В последнюю секунду, когда Поплавский уже садился в машину, чтобы следовать в ставку, на его глазах произошел дурацкий случай. При очередной загрузке трупов в грузовик мертвое тело белобрысого немца средних лет оказалось совершенно живым и здоровым телом польского капрала, сильно перегруженного алкоголем. Закинутый в кузов грузовика, польский капрал в немецком мундире очухался и громко завопил, что он провоевал в этом полку с сорок третьего года и не собирается переводиться ни в какую другую часть! И если ему сейчас же не помогут слезть с этого вонючего грузовика, он как-нибудь выберется сам и начистит всем рыло!..
Свои вопли он уснащал такой отборной руганью, что командующий Первой армией Войска Польского обескураженно махнул рукой и приказал своему шоферу не развешивать уши, а немедленно заводить двигатель и уезжать.
* * *
– А если я так? – хитро спросил Поплавский и наконец опустил своего ферзя, угрожая им ладье Рокоссовского.
Рокоссовский мельком взглянул на шахматную доску, оценил невыгодную для него позицию и сказал:
– Подожди.
Он оттянул воротник толстого свитера, достал градусник, посмотрел на него и досадливо покачал головой.
– Сколько? – по-польски спросил Поплавский.
– Опять тридцать восемь и одна...
– Может быть, все-таки обычной водки с перцем?
– Ты с ума сошел! У меня и так там все воспалено. Где это меня так прохватило?
– Вчера на моем КП.
– Нет... Это у меня еще раньше началось.
– А я бы все-таки водки с перцем выпил, – убежденно сказал Поплавский.
Рокоссовский нажал кнопку. Дверь отворилась, и на пороге мгновенно появился немолодой подполковник – адъютант командующего фронтом.
– Николай Иванович, будьте любезны, мне чаю крепкого и все, что там выписал доктор. А генералу Поплавскому – водочки с перцем. Ну и соответственно...
– Мне-то зачем с перцем? – удивился Поплавский.
– Ты же сам советовал, – сказал Рокоссовский и уставился на шахматную доску.

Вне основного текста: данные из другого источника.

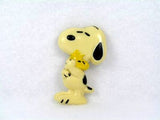 Snoopy Hugs Woodstock magnet (Discolored)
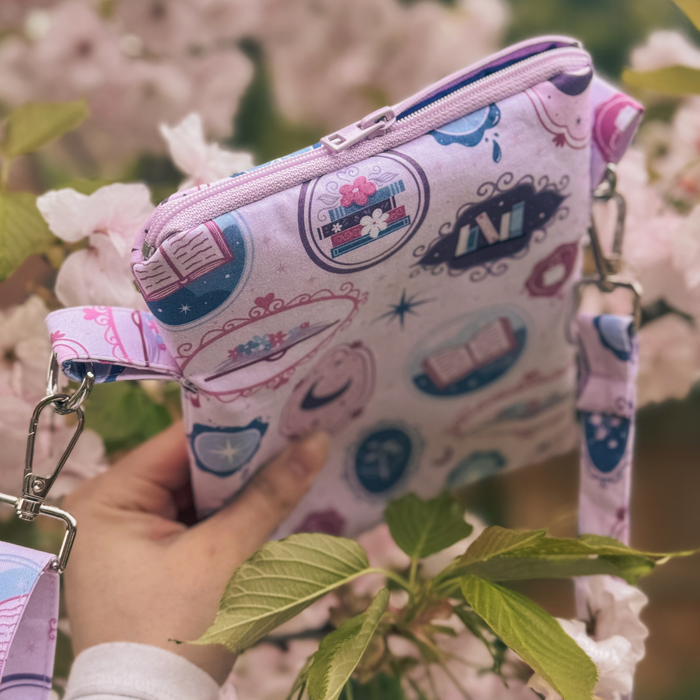 Daydreams crossbody sleeve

– Но я же не себе, а вам советовал...
– Вот я на тебе и проверю, – проговорил Рокоссовский и убрал ладью из-под удара ферзя.

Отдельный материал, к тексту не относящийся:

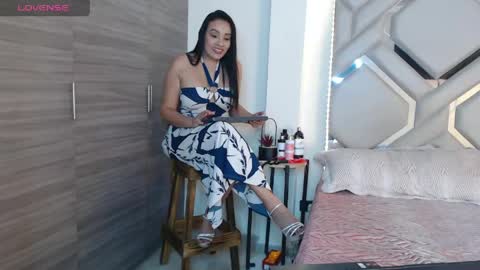 miiafire online show from 04.12.26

Он поднял глаза на стоящего в дверях подполковника и сказал:
– Пожалуйста, Николай Иванович. Пожалуйста. Выполняйте.
– Слушаюсь. – Подполковник несколько помялся и доложил: – Товарищ маршал, генерала Поплавского разыскивает по всем телефонам генерал Голембовский...
– Что там еще такое? – обеспокоился Поплавский и встал.
– Переключите сюда, – распорядился Рокоссовский.
– Слушаюсь. – Подполковник закрыл за собой дверь.
– Возьми вон ту трубку, – сказал Рокоссовский и показал на один из четырех телефонов.
Поплавский быстро подошел к рабочему столу и снял трубку:
– Слушаю. Поплавский. Что там у тебя?
Последовала долгая пауза, во время которой подполковник – адъютант Рокоссовского – бесшумно открыл дверь и впустил молодого офицера в коротком белом халате – ответственного за кухню командующего. В руках у того был поднос с чаем для Рокоссовского и водкой для Поплавского. На небольших тарелочках была сервирована закуска. На блюдце, отдельно, лежало несколько белых таблеток. Стоял на подносе и стакан чистой воды.
– Вот эти таблетки – по две сразу... – прошептал подполковник маршалу, чтобы не мешать Поплавскому. – И запить простой водой. Вот она.
– Спасибо, Николай Иванович, – так же тихо проговорил Рокоссовский. – Вы свободны.
Подполковник и офицер в коротком халатике вышли.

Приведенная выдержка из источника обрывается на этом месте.